Task to carry out - In the data below, the answer is the run of lines from the line containing "Eddie Bauer Classic" through the line containing "ストーン付きパワーショルダーカットベロアワンピース", both included; print it exactly and nothing else.

Available data -
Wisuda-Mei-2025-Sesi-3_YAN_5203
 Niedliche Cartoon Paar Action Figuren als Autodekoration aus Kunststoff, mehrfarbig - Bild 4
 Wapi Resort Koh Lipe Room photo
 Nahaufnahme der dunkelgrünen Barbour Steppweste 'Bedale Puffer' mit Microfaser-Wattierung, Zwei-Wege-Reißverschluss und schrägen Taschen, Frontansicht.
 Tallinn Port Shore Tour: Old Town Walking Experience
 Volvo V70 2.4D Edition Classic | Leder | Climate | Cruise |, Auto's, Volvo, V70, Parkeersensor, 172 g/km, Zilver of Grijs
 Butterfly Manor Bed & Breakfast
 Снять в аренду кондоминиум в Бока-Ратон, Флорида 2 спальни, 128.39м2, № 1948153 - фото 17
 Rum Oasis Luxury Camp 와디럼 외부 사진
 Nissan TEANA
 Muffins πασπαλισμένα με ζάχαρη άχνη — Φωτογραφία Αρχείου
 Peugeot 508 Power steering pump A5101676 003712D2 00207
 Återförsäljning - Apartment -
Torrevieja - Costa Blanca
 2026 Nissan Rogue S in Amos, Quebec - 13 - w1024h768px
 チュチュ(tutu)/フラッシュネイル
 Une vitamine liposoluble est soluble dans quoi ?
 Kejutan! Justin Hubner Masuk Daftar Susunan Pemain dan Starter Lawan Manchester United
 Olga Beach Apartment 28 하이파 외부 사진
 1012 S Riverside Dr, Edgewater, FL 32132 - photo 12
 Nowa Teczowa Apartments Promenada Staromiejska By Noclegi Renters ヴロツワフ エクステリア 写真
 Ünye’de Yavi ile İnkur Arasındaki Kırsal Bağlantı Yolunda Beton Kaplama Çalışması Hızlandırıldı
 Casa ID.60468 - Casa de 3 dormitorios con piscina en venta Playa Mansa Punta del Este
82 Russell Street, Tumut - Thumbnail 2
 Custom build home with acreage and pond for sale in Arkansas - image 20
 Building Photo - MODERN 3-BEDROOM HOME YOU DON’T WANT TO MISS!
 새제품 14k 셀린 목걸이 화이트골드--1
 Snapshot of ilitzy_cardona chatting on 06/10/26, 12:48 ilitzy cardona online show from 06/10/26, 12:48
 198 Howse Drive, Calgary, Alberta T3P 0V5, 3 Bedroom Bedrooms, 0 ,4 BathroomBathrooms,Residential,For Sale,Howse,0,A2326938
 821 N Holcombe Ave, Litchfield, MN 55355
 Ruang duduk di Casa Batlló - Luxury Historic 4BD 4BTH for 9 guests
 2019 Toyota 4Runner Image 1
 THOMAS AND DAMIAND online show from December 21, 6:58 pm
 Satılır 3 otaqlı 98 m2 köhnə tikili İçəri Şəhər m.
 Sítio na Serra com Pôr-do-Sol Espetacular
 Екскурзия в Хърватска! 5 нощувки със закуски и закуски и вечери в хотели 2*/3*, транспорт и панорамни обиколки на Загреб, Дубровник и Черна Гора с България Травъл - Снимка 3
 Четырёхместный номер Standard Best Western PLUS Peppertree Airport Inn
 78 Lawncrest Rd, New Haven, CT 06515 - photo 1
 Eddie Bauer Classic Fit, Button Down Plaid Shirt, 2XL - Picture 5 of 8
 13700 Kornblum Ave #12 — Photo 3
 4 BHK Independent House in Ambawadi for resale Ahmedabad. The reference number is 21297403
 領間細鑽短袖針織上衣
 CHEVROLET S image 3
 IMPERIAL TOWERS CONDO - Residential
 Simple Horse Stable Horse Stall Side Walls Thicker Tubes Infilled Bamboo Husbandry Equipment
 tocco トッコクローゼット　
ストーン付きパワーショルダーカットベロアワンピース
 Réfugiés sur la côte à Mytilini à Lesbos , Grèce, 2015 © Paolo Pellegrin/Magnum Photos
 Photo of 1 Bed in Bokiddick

Response below -
 Eddie Bauer Classic Fit, Button Down Plaid Shirt, 2XL - Picture 5 of 8
 13700 Kornblum Ave #12 — Photo 3
 4 BHK Independent House in Ambawadi for resale Ahmedabad. The reference number is 21297403
 領間細鑽短袖針織上衣
 CHEVROLET S image 3
 IMPERIAL TOWERS CONDO - Residential
 Simple Horse Stable Horse Stall Side Walls Thicker Tubes Infilled Bamboo Husbandry Equipment
 tocco トッコクローゼット　
ストーン付きパワーショルダーカットベロアワンピース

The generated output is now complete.